• [What is needed]: Set down the records exactly, and omit any image found in them.

——————————

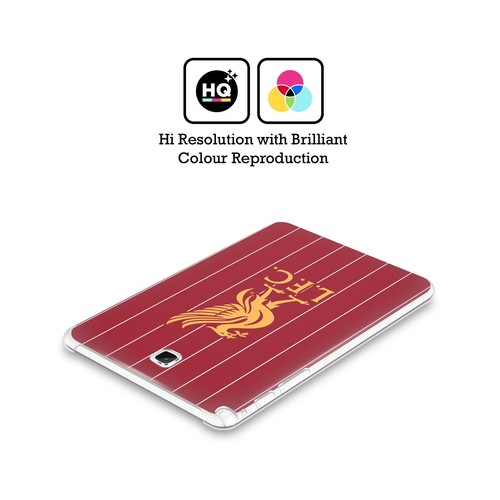 OFFICIAL LIVERPOOL FOOTBALL CLUB 2019/20 KIT BACK CASE FOR SAMSUNG TABLETS 1 - 第 2/11 張圖片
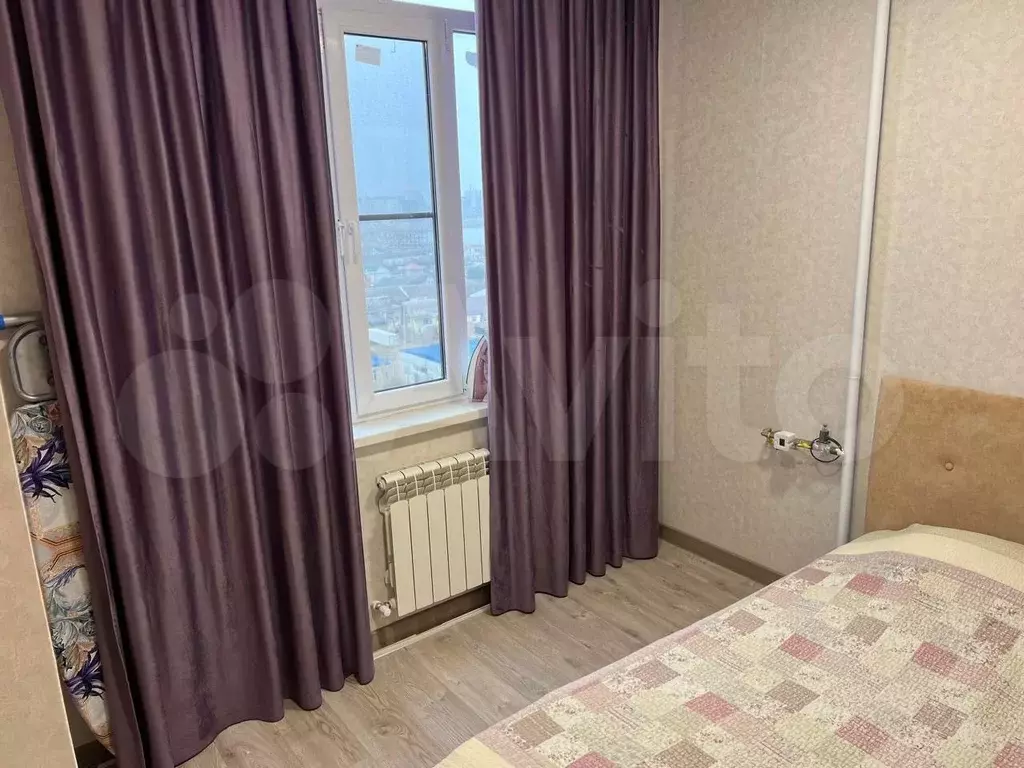 1-к. квартира, 50 м, 11/13 эт. - Фото 1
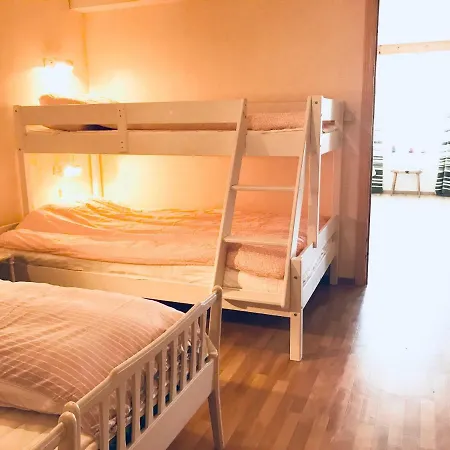 Holmen, Ground Floor Appartamento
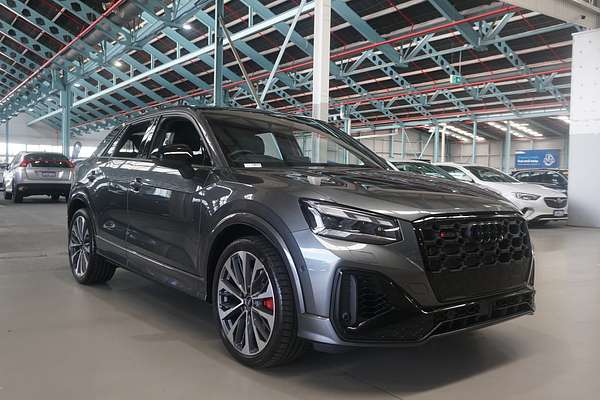 2023 Audi SQ2 GA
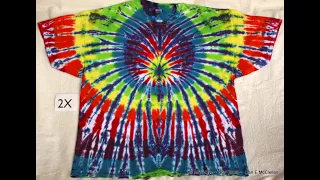 Tie-Dyeing for Beginners ~ A Place to Start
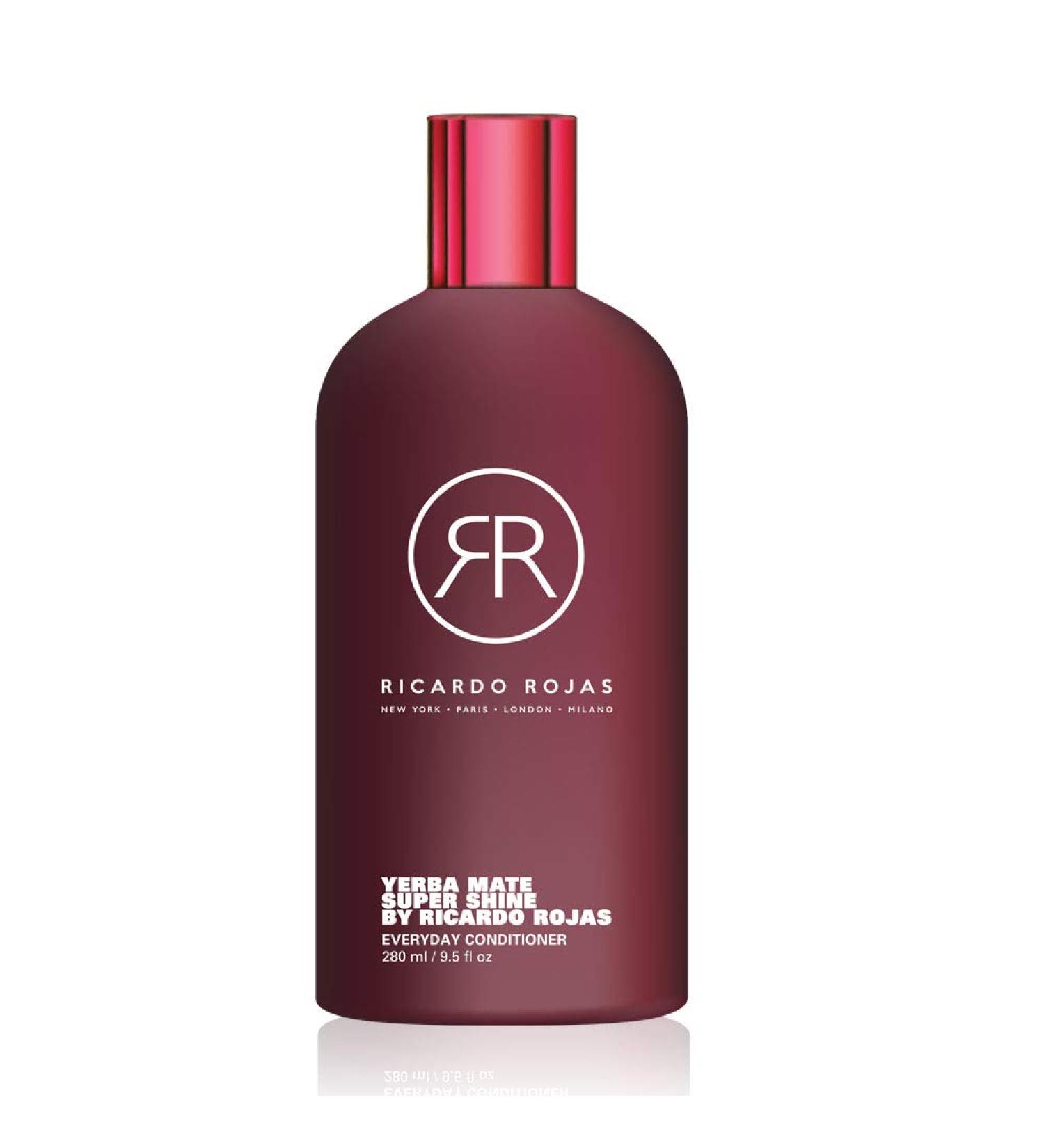 Haircare Yerba Mate Super Shine Conditioner for All Hair Types | Gentle and Deeply Nourishing for Everyday Use | 10 fl oz/296 mL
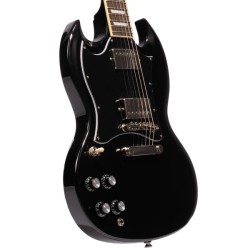 Epiphone EISSBLEBNH1 SG Standard Left Handed Electric Guitar - Ebony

——————————

• [Written solution]:
 OFFICIAL LIVERPOOL FOOTBALL CLUB 2019/20 KIT BACK CASE FOR SAMSUNG TABLETS 1 - 第 2/11 張圖片
 1-к. квартира, 50 м, 11/13 эт. - Фото 1
 Holmen, Ground Floor Appartamento
 2023 Audi SQ2 GA
 Tie-Dyeing for Beginners ~ A Place to Start
 Haircare Yerba Mate Super Shine Conditioner for All Hair Types | Gentle and Deeply Nourishing for Everyday Use | 10 fl oz/296 mL
 Epiphone EISSBLEBNH1 SG Standard Left Handed Electric Guitar - Ebony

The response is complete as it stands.